Christiane F. trifft die Jugend heute

„Wir Kinder vom Bahnhof Zoo“ in der restaurierten Fassung zu gewinnen

Drogenmilieu, Kinderstrich und die Musik von David Bowie. Diese Stichwörter dürften ausreichend dafür sein, dass zumindest unsere komplette Leserschaft im Alter 50 + weiß, dass es hier nun um Christiane F. „Wir Kinder vom Bahnhof Zoo“ geht. Das Buch erschien bereits 1978. Kai Hermann und Host Rieck hatten es auf Basis ihrer Tonbandprotokolle mit der drogenabhängigen Jugendlichen Christiane Felscherinow verfasst. 1981 lief die Premiere des Films.

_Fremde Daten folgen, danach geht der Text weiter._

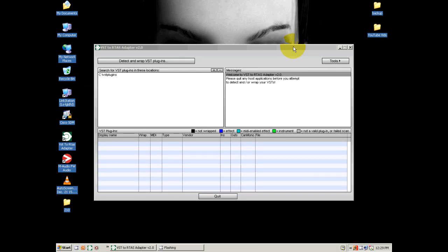Hey, what's up YouTube, how's everybody doing out there? This is Ray. Check it out, I got something pretty cool for you guys today — I have a VST to RTAS adapter.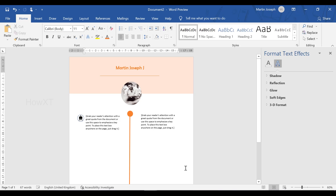If you don't have much time, choose a template and just change the text. If you have more time, use the creative model to build your own resume from scratch. I hope this video helps you create your resume in a simple and beautiful way. If you like this video, please share it with your friends and subscribe to my channel. Thanks for watching, dear friends — have a great day!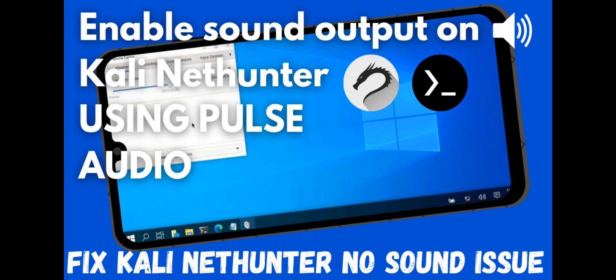For today's video, I will teach you how to enable sound output on Kali NetHunter in Termux by configuring and installing PulseAudio Server. Let's start the tutorial.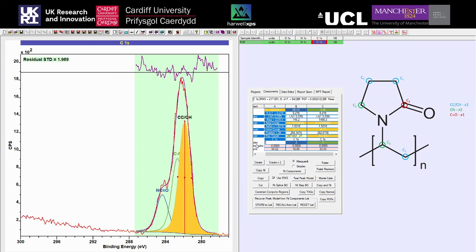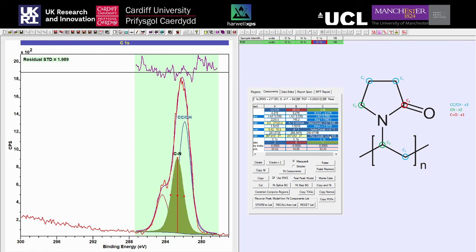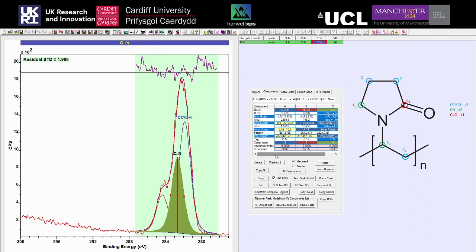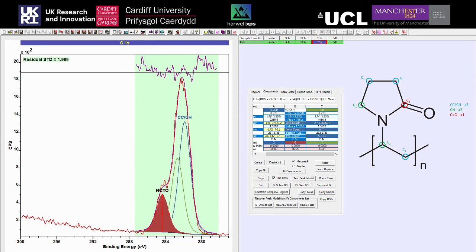We can match the colors up so our C-C/C-H is blue, our C-N is green, and the carbonyl is red. The component tool is something we'll come onto later - it's very useful, particularly when we start looking at more complex systems such as multiplets and doublets, but it can also be a nice way to separate out your peaks and be sure that you are assigning everything correctly.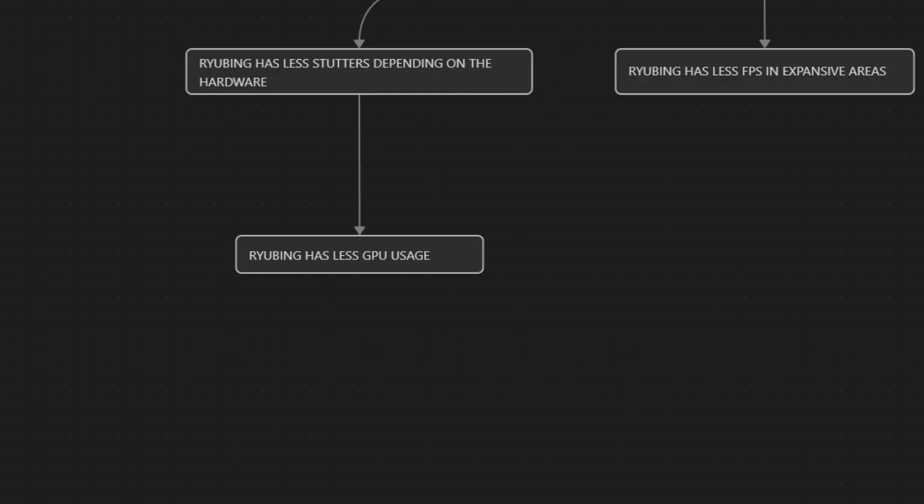Going back to pros and cons, Ryujinx showed significantly lower GPU usage, at least with my graphics card. That's something to keep in mind, especially if you're using frame generators. The GPU usage was lower particularly when using filters like SMAA and FSR on both emulators.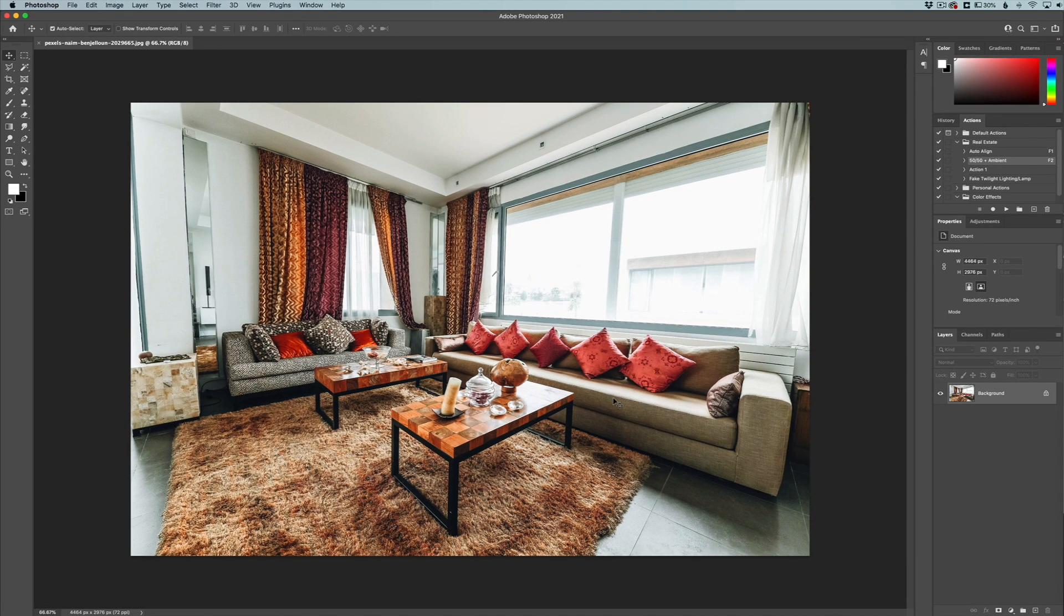Hey everyone, this is Jordan from sleeklens.com. In this quick video, I'm going to show you how to remove major distortion from your photos.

Interview mit Nadja Brunckhorst

Warum wir uns nun mit einem 41 Jahre alten Film befassen, hat zahlreiche Gründe. Der offenkundigste und naheliegende ist, dass eben eine restaurierte Fassung mit neu produziertem Bonusmaterial erschienen ist. Mit dabei: ein Audiokommentar mit Regisseur Uli Edel und ein aktuelles Interview mit der Hauptdarstellerin Nadja Brunckhorst. Letzteres lohnt sich schon deshalb, weil Brunckhorst mit der jahrzehntelangen Distanz zu ihrer ersten Filmrolle über ihre Erlebnisse erzählt. Das ist eben nicht nur Filmgeschichte, sondern auch die Geschichte eines Mädchens, das von einem Moment auf den nächsten plötzlich im Scheinwerferlicht steht. Zudem weiß Brunckhorst zu erzählen.

Einfach gut

Zudem sind die bedrückenden Themen des Films „Drogensucht“ und „Kinderstrich“ leider aktueller denn je. Dass Jugendliche sich ausprobieren wollen und müssen, Sinn, Freundschaft und Partner suchen und dabei möglichst Rückhalt in einem funktionierenden Elternhaus finden sollten, gehört zu den zentralen Herausforderungen des Heranwachsens.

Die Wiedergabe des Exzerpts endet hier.